Doch es hat viele Jahre gedauert, bis dieser Tag kam. Ich habe fast zwanzig Jahre durchgängig Alkohol konsumiert (von 16 bis 34), kurz vor „Ende“ jedoch besonders viel und in sehr häufiger Regelmäßigkeit. Bevor ich im Oktober 2023 den Entschluss gefasst hatte, nie wieder Alkohol zu trinken, hatte sich das allgegenwärtige Zellgift längst in meinen Alltag geschlichen. Und damit meine ich wirklich den Alltag, jeden Tag, von Montag bis Sonntag.
Trotz Kind und Frau gehörte der Griff zur Flasche einfach dazu. Jeden Abend gab es mindestens ein Bier, in den letzten Jahren jedoch meist eher zwei bis drei Bier. Oder Gin Tonic. An Fußballabenden auch mal gern fünf bis acht Bier, es floss am Wochenende natürlich in der Kneipe oder mit Freunden/Frau auf der Couch, an Bundesliga-Spieltagen ging es schon nachmittags los.
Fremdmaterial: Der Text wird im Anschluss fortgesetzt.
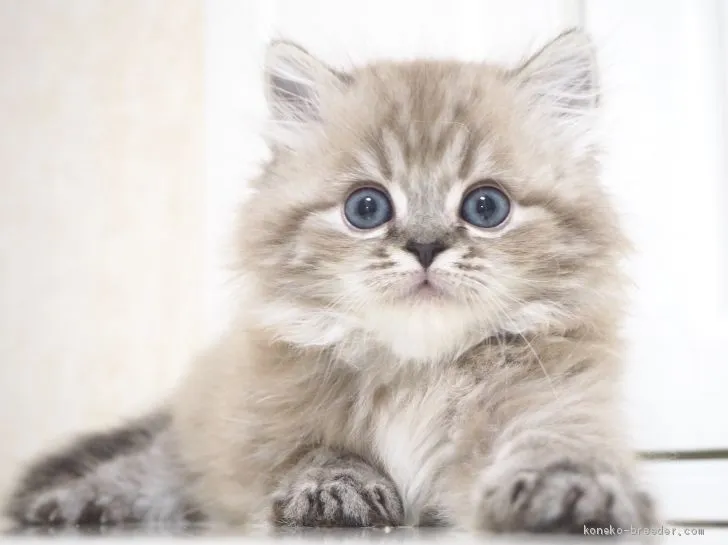 ID：2003-01896の子猫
Oder am Freitag mit Papa zum Mittagessen: vier Bier waren da für mich ganz normal.
In den letzten Jahren meines Konsums waren wir außerdem zu jedem Heimspiel des FSV Zwickau im Stadion, wir hatten Logenkarten. Ich war der erste eine Stunde vor dem Spiel und oft genug einer der letzten nach dem Spiel. Jeder Barmann wusste mein Getränk und bereitete schon vor, als ich zur Bar lief. Was damals „lustig“ war, dafür schäme ich mich heute. Meist kam ich betrunken nach Hause, war schon nachmittags gegen 16 Uhr für nicht mehr viel zu gebrauchen.
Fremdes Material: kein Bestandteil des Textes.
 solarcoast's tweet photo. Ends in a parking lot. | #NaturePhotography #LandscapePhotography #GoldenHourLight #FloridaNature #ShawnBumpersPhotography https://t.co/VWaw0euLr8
In diesem Zustand reagierte ich auf alles, was meine Frau zu mir sagte, oft nur noch gereizt und genervt, ungehalten, manchmal schon aggressiv. Uneinsichtig war ich, in diesem Zustand ist das Normalität. Die paar Bier. Die paar Fußballspiele im Jahr, bei denen ich mal Spaß habe, damit wird sie schon klarkommen, dachte ich mir. Dass meine Frau irgendwann regelrecht Angst vor diesen Wochenenden hatte, war mir nicht bewusst.
Zu viel und immer mehr
Als ich angefangen habe Sport zu treiben und meine Ernährung zu ändern, war Alkohol noch immer ein ständiger Begleiter. Noch ein ganzes Jahr lang. In dieser Zeit habe ich mich selbst belogen. Ich dachte, dass es reichen würde, den Konsum auf das Wochenende zu konzentrieren. Unter der Woche sollte ich nur noch trinken, wenn der BVB spielt. Im Stadion sollte es auch weniger werden: Das führte zu teilweise absurden Ideen, z. B. alkoholfreies Bier zu trinken und mich stattdessen auf kleine Sektgläser zu beschränken. Ist ja weniger als ganze Bier zu trinken – oder?
Falsch. Ich konsumierte schlussendlich zwar an weniger Tagen, aber dafür von Freitag bis Sonntag weiterhin besonders viel. Kontrolliert zu trinken war ein Wunsch, nicht die Realität. Ich suchte förmlich Gründe, am Wochenende einen Anlass zu haben. Es war immer noch zu viel, um körperlich noch irgendwelche Fortschritte machen zu können. Alkohol hemmt durch die notwendige Entgiftung den Stoffwechsel extrem und das über mehrere Tage, bringt dazu noch Kalorien ohne Ende mit sich.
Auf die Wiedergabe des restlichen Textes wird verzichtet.